EXERCISE GOAL: Line by line, repeat the material below exactly and skip the images.

GIVEN DATA:
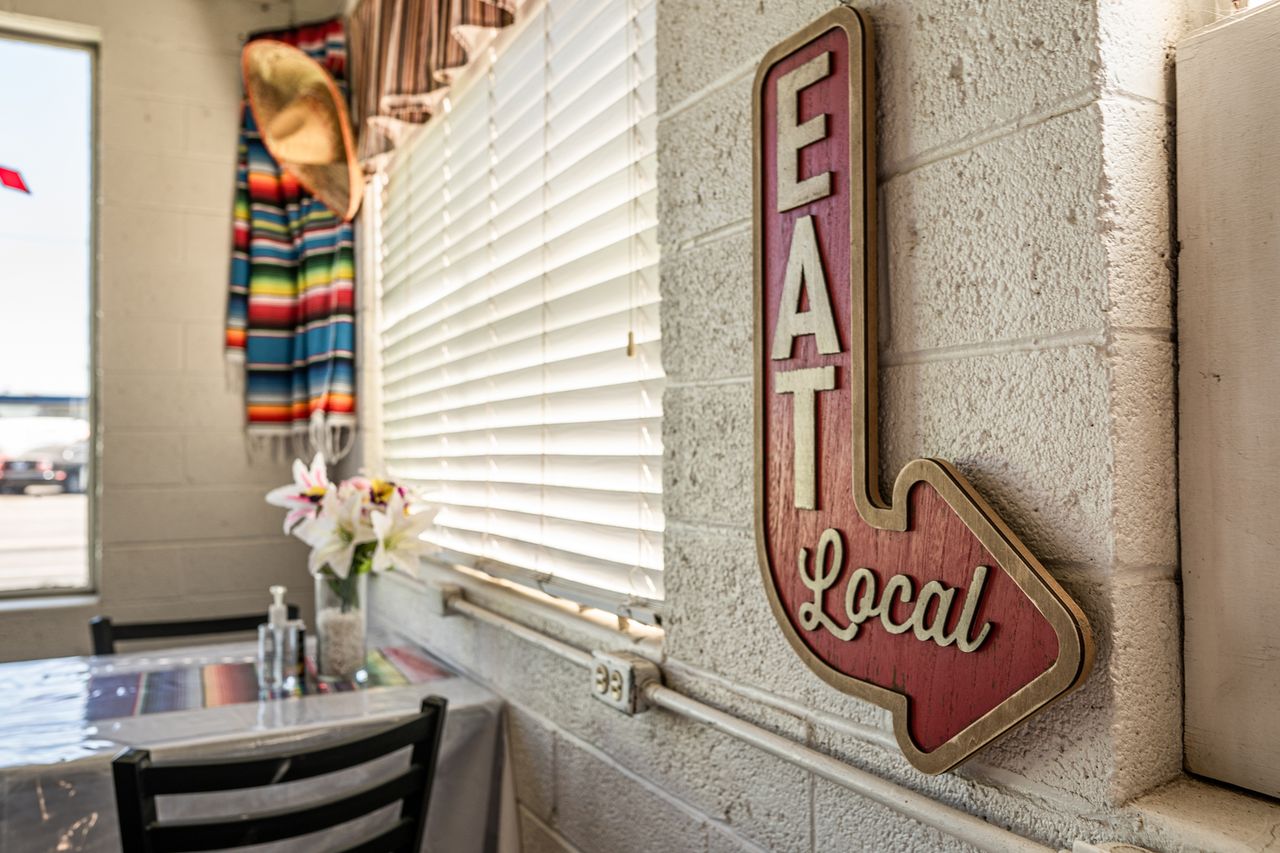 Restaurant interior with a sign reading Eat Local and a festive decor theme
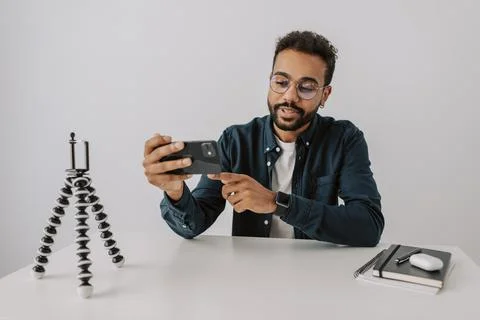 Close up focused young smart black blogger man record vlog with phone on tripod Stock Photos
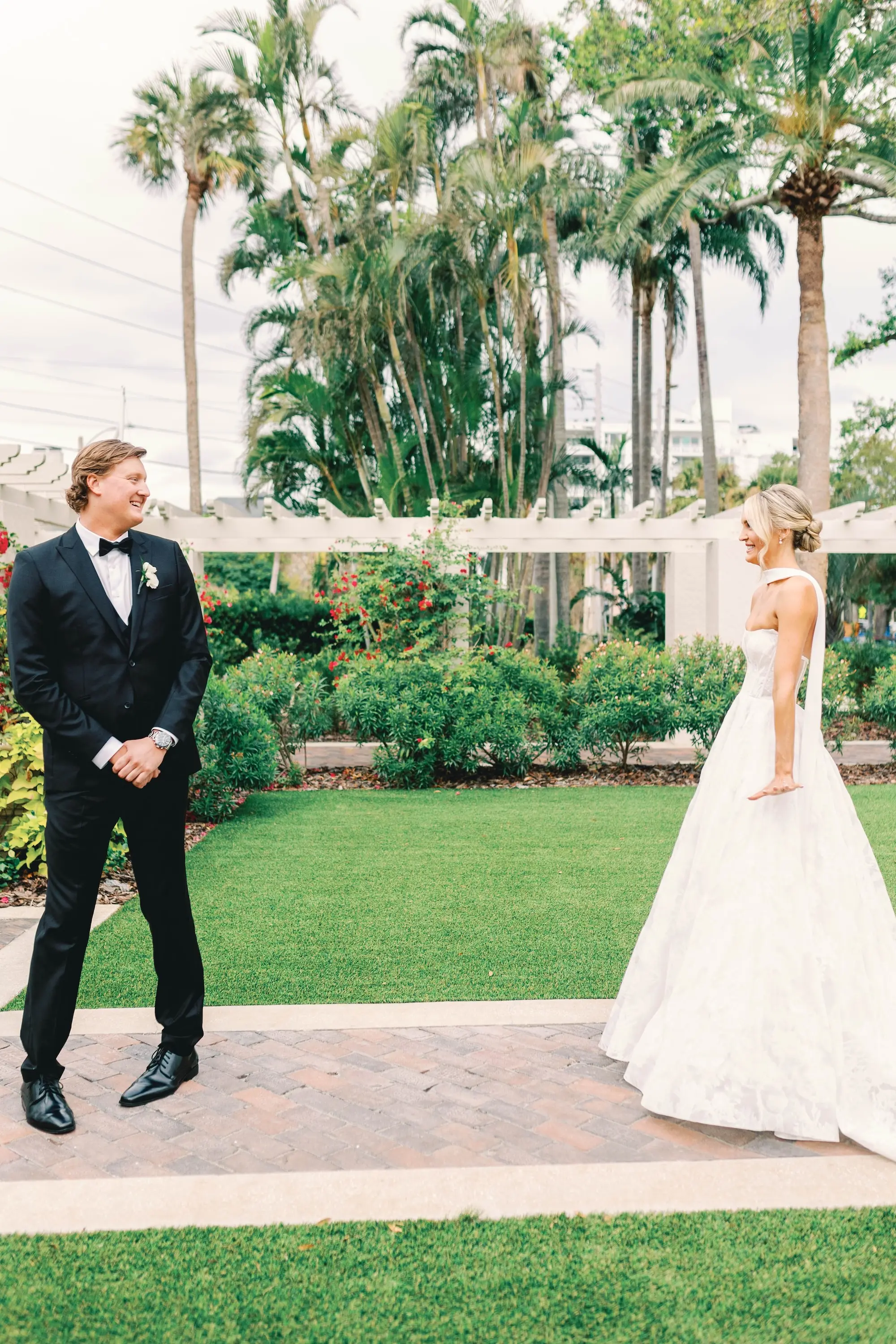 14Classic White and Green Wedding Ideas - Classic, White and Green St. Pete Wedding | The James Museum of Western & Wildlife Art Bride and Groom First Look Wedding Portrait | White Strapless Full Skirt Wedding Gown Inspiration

RESPONSE TO THIS TASK:
 Restaurant interior with a sign reading Eat Local and a festive decor theme
 Close up focused young smart black blogger man record vlog with phone on tripod Stock Photos
 14Classic White and Green Wedding Ideas - Classic, White and Green St. Pete Wedding | The James Museum of Western & Wildlife Art Bride and Groom First Look Wedding Portrait | White Strapless Full Skirt Wedding Gown Inspiration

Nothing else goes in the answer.